• [THE RECORDS]
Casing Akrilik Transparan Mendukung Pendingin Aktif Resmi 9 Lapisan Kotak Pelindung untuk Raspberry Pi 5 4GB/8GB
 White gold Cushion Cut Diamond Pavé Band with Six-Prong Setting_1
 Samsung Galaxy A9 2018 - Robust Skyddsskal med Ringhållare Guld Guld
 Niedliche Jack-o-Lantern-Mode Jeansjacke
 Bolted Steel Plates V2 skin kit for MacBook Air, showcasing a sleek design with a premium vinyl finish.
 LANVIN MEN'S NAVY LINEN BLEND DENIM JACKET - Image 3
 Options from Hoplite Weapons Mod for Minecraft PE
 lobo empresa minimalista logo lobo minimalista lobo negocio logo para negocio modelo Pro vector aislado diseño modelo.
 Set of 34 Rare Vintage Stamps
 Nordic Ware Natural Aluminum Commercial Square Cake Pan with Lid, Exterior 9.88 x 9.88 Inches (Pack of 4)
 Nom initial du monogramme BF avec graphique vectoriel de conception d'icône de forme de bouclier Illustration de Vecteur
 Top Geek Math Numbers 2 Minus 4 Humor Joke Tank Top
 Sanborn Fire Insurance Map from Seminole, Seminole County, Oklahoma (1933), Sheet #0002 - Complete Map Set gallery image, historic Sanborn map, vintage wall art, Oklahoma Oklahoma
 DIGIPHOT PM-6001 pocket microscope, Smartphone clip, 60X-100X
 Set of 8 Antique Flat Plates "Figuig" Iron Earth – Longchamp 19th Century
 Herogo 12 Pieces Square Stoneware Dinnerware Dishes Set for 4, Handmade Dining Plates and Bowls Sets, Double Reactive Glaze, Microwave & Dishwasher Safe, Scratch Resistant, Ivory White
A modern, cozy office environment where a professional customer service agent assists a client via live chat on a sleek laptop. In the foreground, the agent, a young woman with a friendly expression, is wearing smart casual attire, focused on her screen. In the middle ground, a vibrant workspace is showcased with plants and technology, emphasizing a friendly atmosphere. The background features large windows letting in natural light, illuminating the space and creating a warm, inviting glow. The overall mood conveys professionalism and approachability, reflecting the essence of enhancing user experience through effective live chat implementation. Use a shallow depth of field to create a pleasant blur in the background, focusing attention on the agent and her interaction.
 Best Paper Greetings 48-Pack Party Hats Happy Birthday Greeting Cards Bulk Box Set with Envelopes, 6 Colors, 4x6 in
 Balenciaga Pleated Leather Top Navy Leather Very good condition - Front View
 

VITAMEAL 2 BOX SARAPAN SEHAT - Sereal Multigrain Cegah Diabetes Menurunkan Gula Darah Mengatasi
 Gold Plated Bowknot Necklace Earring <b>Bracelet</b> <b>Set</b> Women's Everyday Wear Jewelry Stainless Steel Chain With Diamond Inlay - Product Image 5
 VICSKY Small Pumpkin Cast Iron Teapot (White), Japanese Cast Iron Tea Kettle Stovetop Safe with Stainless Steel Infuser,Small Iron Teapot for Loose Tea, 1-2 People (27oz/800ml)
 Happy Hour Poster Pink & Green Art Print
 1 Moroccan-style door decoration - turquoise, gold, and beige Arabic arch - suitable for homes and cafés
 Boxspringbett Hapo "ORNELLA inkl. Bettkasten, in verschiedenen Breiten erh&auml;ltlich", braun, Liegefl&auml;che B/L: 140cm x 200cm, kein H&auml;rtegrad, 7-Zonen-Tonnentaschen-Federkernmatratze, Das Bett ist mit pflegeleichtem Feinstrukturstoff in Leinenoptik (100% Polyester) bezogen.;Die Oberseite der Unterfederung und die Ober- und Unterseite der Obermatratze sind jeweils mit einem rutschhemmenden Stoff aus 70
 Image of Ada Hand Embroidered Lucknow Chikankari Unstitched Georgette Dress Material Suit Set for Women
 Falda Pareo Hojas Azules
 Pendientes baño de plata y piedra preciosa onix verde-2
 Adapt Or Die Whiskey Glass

• [YOUR TASK] Each record above should be reproduced in full, exactly as it stands.

• [THE ANSWER]
Casing Akrilik Transparan Mendukung Pendingin Aktif Resmi 9 Lapisan Kotak Pelindung untuk Raspberry Pi 5 4GB/8GB
 White gold Cushion Cut Diamond Pavé Band with Six-Prong Setting_1
 Samsung Galaxy A9 2018 - Robust Skyddsskal med Ringhållare Guld Guld
 Niedliche Jack-o-Lantern-Mode Jeansjacke
 Bolted Steel Plates V2 skin kit for MacBook Air, showcasing a sleek design with a premium vinyl finish.
 LANVIN MEN'S NAVY LINEN BLEND DENIM JACKET - Image 3
 Options from Hoplite Weapons Mod for Minecraft PE
 lobo empresa minimalista logo lobo minimalista lobo negocio logo para negocio modelo Pro vector aislado diseño modelo.
 Set of 34 Rare Vintage Stamps
 Nordic Ware Natural Aluminum Commercial Square Cake Pan with Lid, Exterior 9.88 x 9.88 Inches (Pack of 4)
 Nom initial du monogramme BF avec graphique vectoriel de conception d'icône de forme de bouclier Illustration de Vecteur
 Top Geek Math Numbers 2 Minus 4 Humor Joke Tank Top
 Sanborn Fire Insurance Map from Seminole, Seminole County, Oklahoma (1933), Sheet #0002 - Complete Map Set gallery image, historic Sanborn map, vintage wall art, Oklahoma Oklahoma
 DIGIPHOT PM-6001 pocket microscope, Smartphone clip, 60X-100X
 Set of 8 Antique Flat Plates "Figuig" Iron Earth – Longchamp 19th Century
 Herogo 12 Pieces Square Stoneware Dinnerware Dishes Set for 4, Handmade Dining Plates and Bowls Sets, Double Reactive Glaze, Microwave & Dishwasher Safe, Scratch Resistant, Ivory White
A modern, cozy office environment where a professional customer service agent assists a client via live chat on a sleek laptop. In the foreground, the agent, a young woman with a friendly expression, is wearing smart casual attire, focused on her screen. In the middle ground, a vibrant workspace is showcased with plants and technology, emphasizing a friendly atmosphere. The background features large windows letting in natural light, illuminating the space and creating a warm, inviting glow. The overall mood conveys professionalism and approachability, reflecting the essence of enhancing user experience through effective live chat implementation. Use a shallow depth of field to create a pleasant blur in the background, focusing attention on the agent and her interaction.
 Best Paper Greetings 48-Pack Party Hats Happy Birthday Greeting Cards Bulk Box Set with Envelopes, 6 Colors, 4x6 in
 Balenciaga Pleated Leather Top Navy Leather Very good condition - Front View
 

VITAMEAL 2 BOX SARAPAN SEHAT - Sereal Multigrain Cegah Diabetes Menurunkan Gula Darah Mengatasi
 Gold Plated Bowknot Necklace Earring <b>Bracelet</b> <b>Set</b> Women's Everyday Wear Jewelry Stainless Steel Chain With Diamond Inlay - Product Image 5
 VICSKY Small Pumpkin Cast Iron Teapot (White), Japanese Cast Iron Tea Kettle Stovetop Safe with Stainless Steel Infuser,Small Iron Teapot for Loose Tea, 1-2 People (27oz/800ml)
 Happy Hour Poster Pink & Green Art Print
 1 Moroccan-style door decoration - turquoise, gold, and beige Arabic arch - suitable for homes and cafés
 Boxspringbett Hapo "ORNELLA inkl. Bettkasten, in verschiedenen Breiten erh&auml;ltlich", braun, Liegefl&auml;che B/L: 140cm x 200cm, kein H&auml;rtegrad, 7-Zonen-Tonnentaschen-Federkernmatratze, Das Bett ist mit pflegeleichtem Feinstrukturstoff in Leinenoptik (100% Polyester) bezogen.;Die Oberseite der Unterfederung und die Ober- und Unterseite der Obermatratze sind jeweils mit einem rutschhemmenden Stoff aus 70
 Image of Ada Hand Embroidered Lucknow Chikankari Unstitched Georgette Dress Material Suit Set for Women
 Falda Pareo Hojas Azules
 Pendientes baño de plata y piedra preciosa onix verde-2
 Adapt Or Die Whiskey Glass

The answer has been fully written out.